§ **PROBLEM STATEMENT**:
Quote each line of the material verbatim, without the pictures.
::::::::
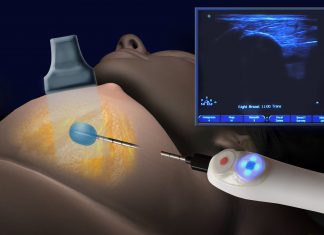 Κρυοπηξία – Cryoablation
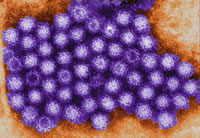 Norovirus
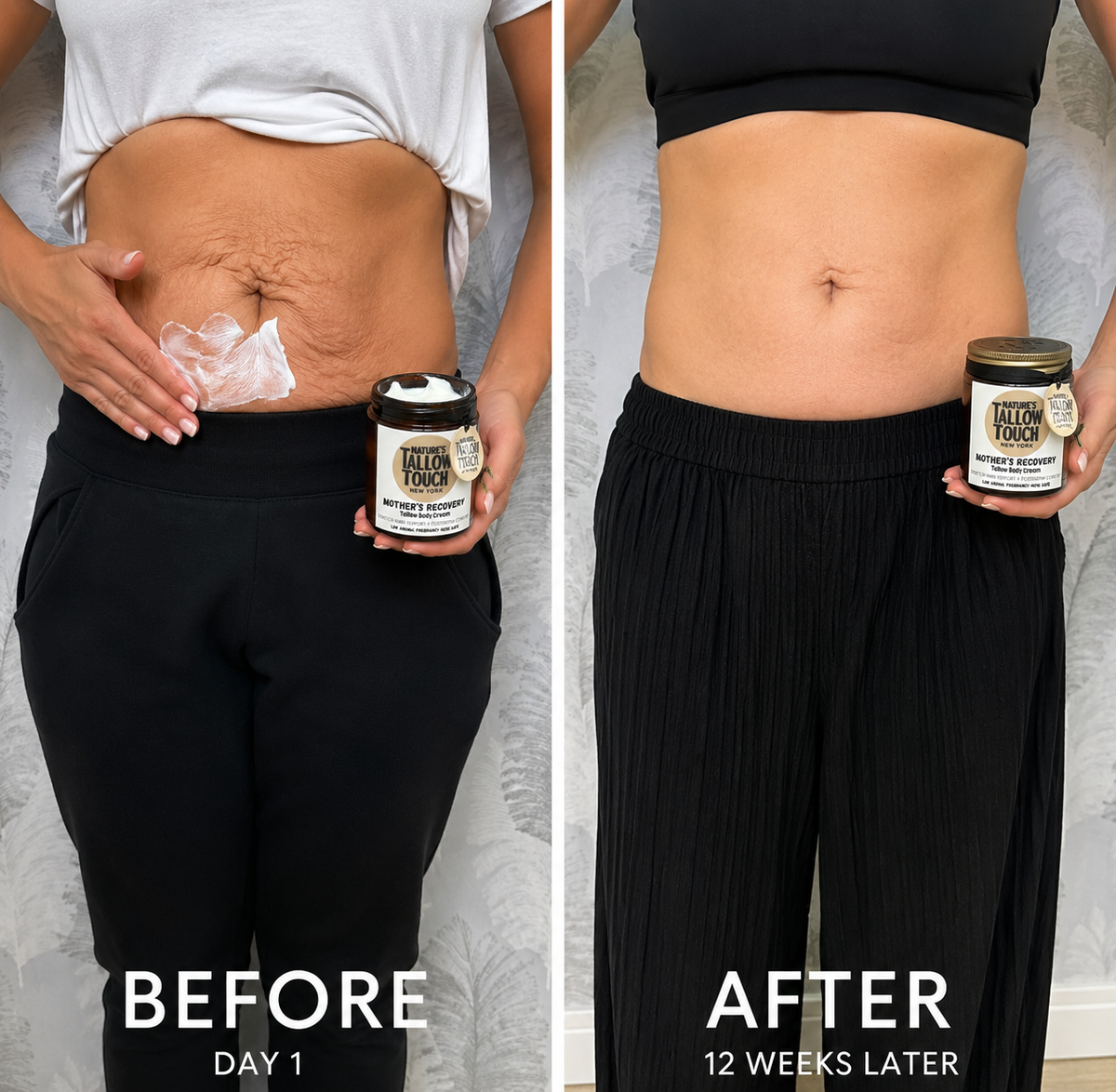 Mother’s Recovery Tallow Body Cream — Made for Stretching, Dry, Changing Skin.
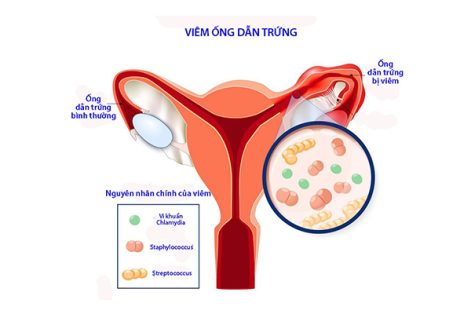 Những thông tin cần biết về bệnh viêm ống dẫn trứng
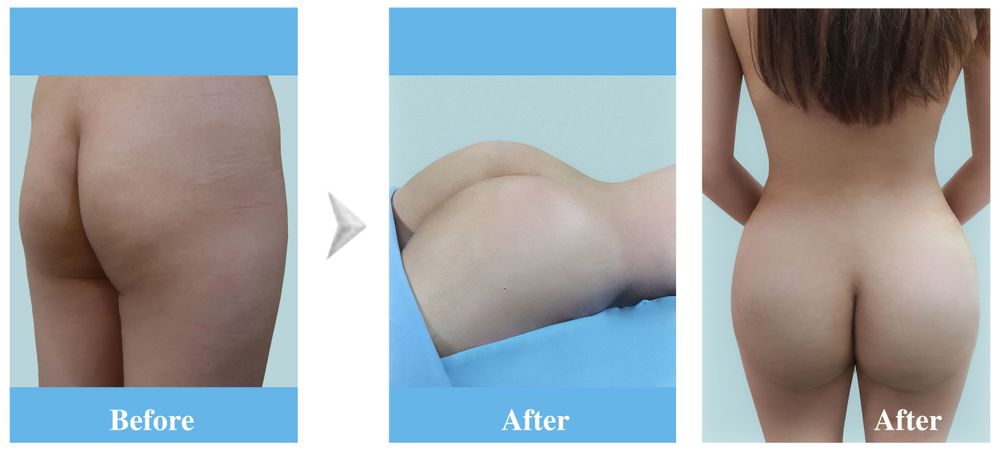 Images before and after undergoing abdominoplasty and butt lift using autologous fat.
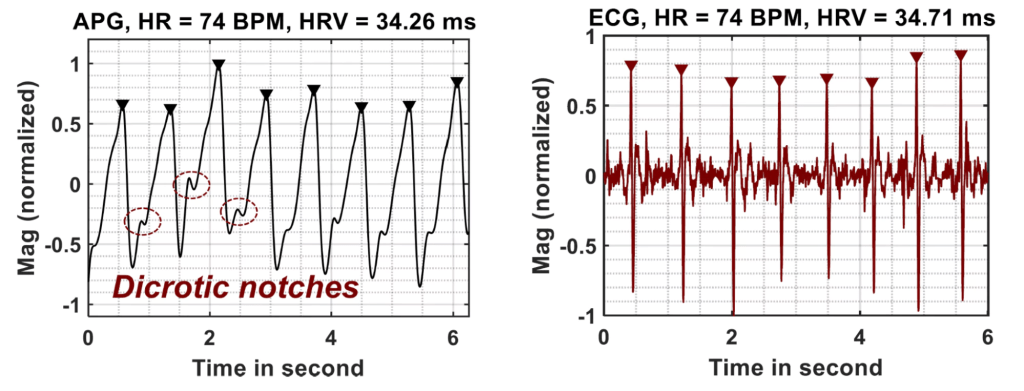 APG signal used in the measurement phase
::::::::
§ **RESULT OF THIS TASK**:
 Κρυοπηξία – Cryoablation
 Norovirus
 Mother’s Recovery Tallow Body Cream — Made for Stretching, Dry, Changing Skin.
 Những thông tin cần biết về bệnh viêm ống dẫn trứng
 Images before and after undergoing abdominoplasty and butt lift using autologous fat.
 APG signal used in the measurement phase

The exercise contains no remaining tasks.